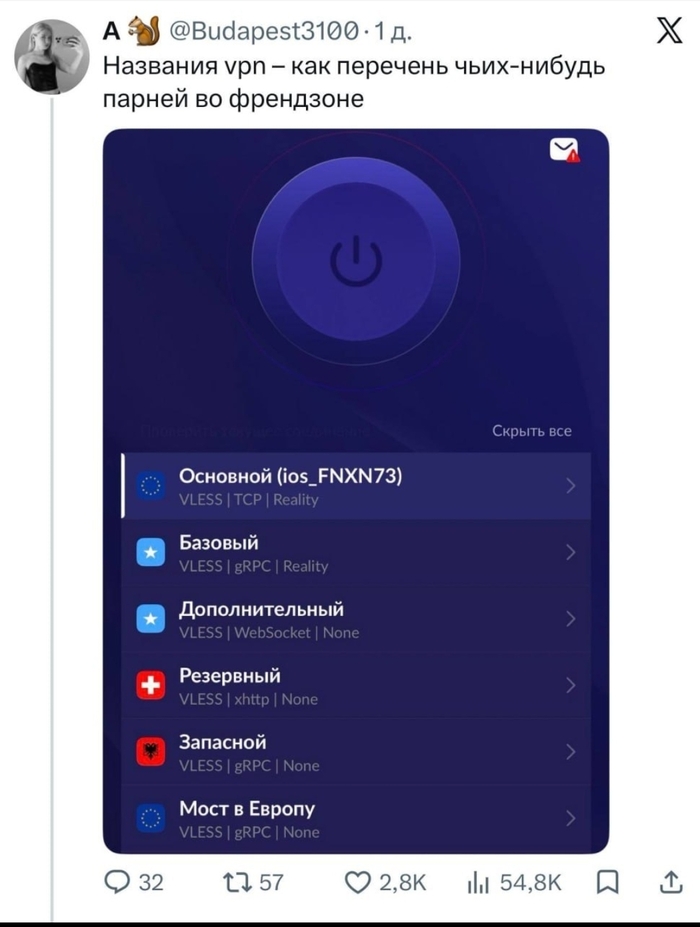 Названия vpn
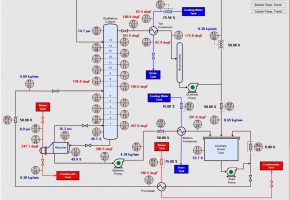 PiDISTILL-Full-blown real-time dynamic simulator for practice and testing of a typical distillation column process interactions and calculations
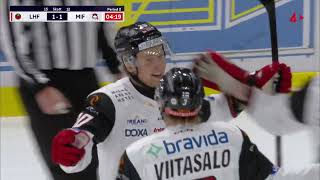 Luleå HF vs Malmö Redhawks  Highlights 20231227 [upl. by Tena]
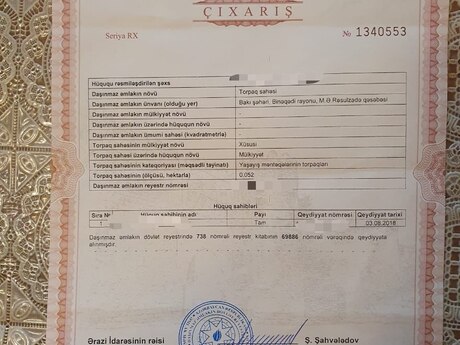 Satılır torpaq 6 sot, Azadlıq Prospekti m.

**What the task asks**
From the line that holds "PiDISTILL-Full-blown real-time dynamic" down to the last line of the material above, every line is to be copied exactly, both ends included; pictures are to be omitted.

**Answer to this problem**
 PiDISTILL-Full-blown real-time dynamic simulator for practice and testing of a typical distillation column process interactions and calculations
 Luleå HF vs Malmö Redhawks  Highlights 20231227 [upl. by Tena]
 Satılır torpaq 6 sot, Azadlıq Prospekti m.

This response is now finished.